A measure of how strongly a sire's progeny earn relative to the baseline. PEI > 1.0 means the sire's offspring out-earn average; commercial sires often sit at 1.5–3.0.

Black-Type Rate #

Percentage of a sire's progeny to win or be placed in Listed/Group races. Black-type winners are printed in bold in sales catalogues — hence the name. A high black-type rate flags a sire of quality.

Troubleshooting

Why is a runner greyed out on the racecard?

The horse has been declared a non-runner. We still show the row so you can see who was originally entered, but the AI Score is hidden because it no longer matters.

Why is there no AI Score for a runner?

AI scores enrich progressively through the morning after declarations land. If you're looking at a card very early in the morning, scores may be blank — they'll appear once the enrichment pipeline runs. Tomorrow's preview cards never show AI scores until declarations are final.

Why are some odds blank or showing "SP"?

Either no bookmaker has priced the horse yet, or the bookmaker has gone "non-runner-no-bet" / removed prices. Live Betfair odds can also drop momentarily if the horse is suspended.

Why do two AI variants disagree wildly on the same horse?

That's by design — each variant weights different signals (form, speed, draw, pace, pedigree, race shape). When variants disagree a lot, the Consensus page's contrarian view highlights it as a model-disagreement pick.

Why does the AI Score sometimes change between morning and afternoon?

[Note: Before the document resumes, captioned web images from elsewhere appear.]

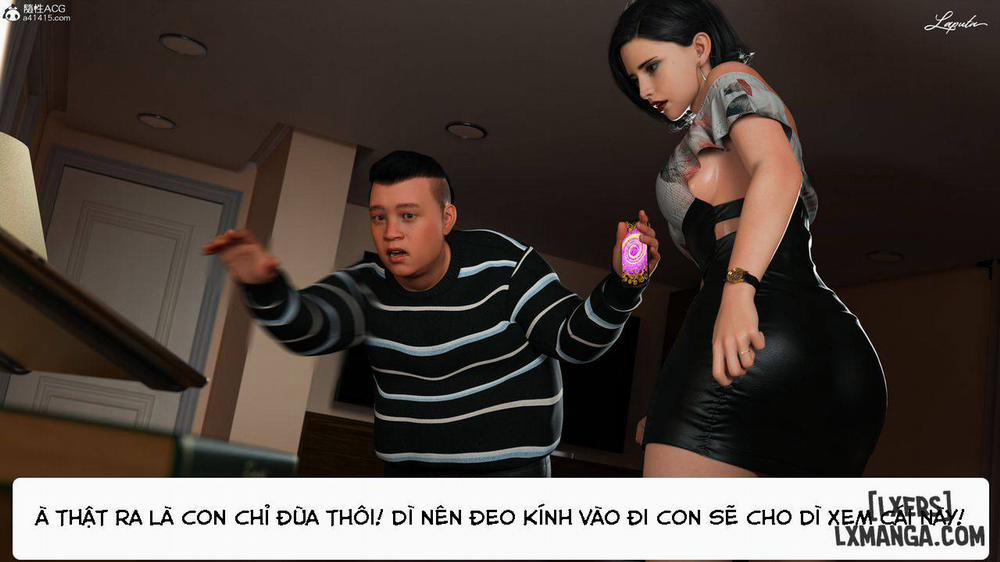 [VŨ TRỤ 2] Người Mẹ Dâm Đãng - Bắt Mẹ 1 0 Phần 1 trang 71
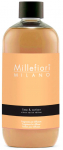 Kodul&otilde;hnastaja, t&auml;iendamiseks Millefiori Milano Lime & Vetiver, 500 ml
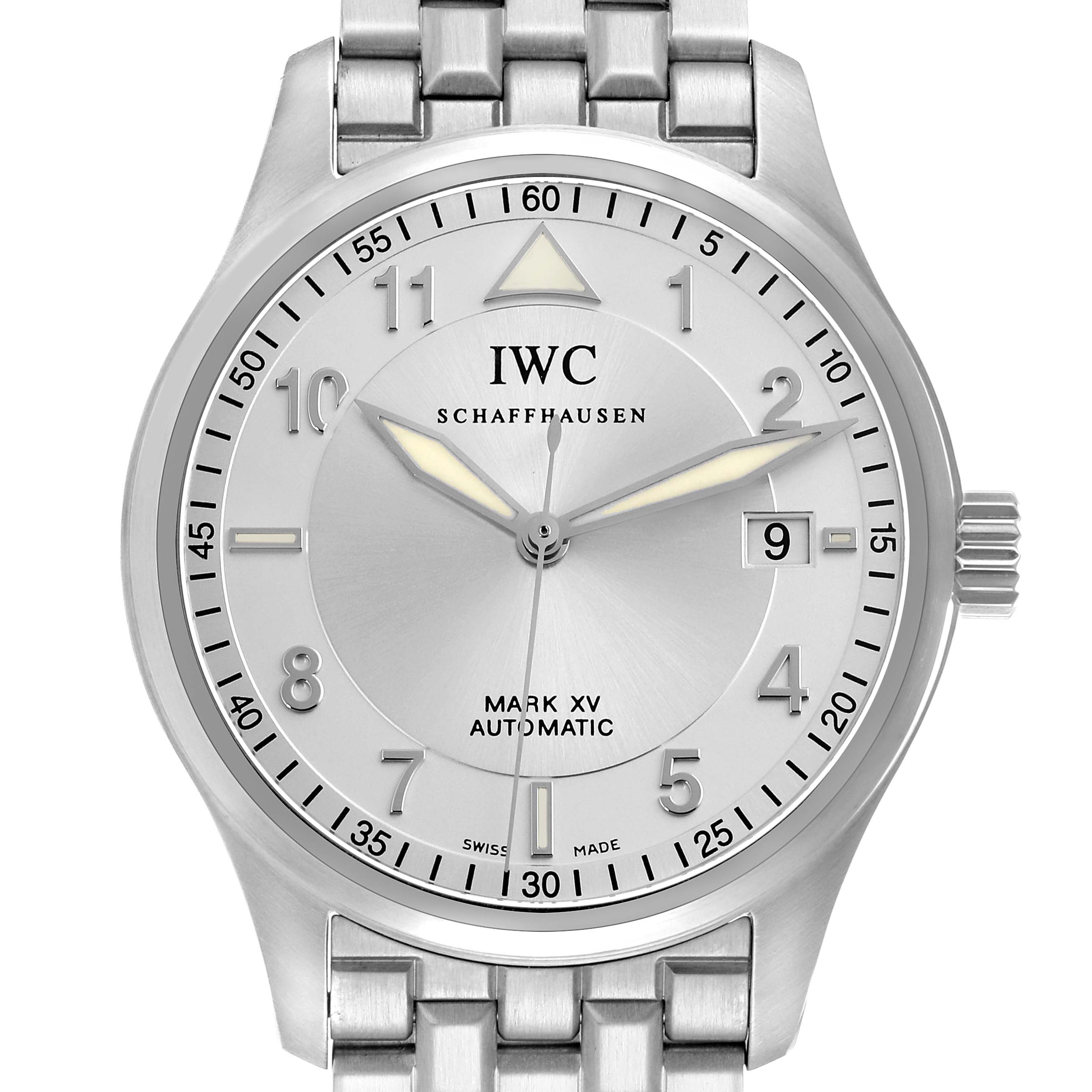 IWC Pilot Mark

It shouldn't — by design. The score uses the morning price only and re-scoring during the day will only happen if upstream data (RPR, headgear, jockey change) updates. If you see a different score in the afternoon, that's an enrichment refresh, not a market reaction.

I bookmarked a horse but it's not in My Stable.

Stable is synced via your Clerk login. If you're on a different device or browser, sign in to pull your stable. Local-only bookmarks (no Clerk login) stay on the device they were added on.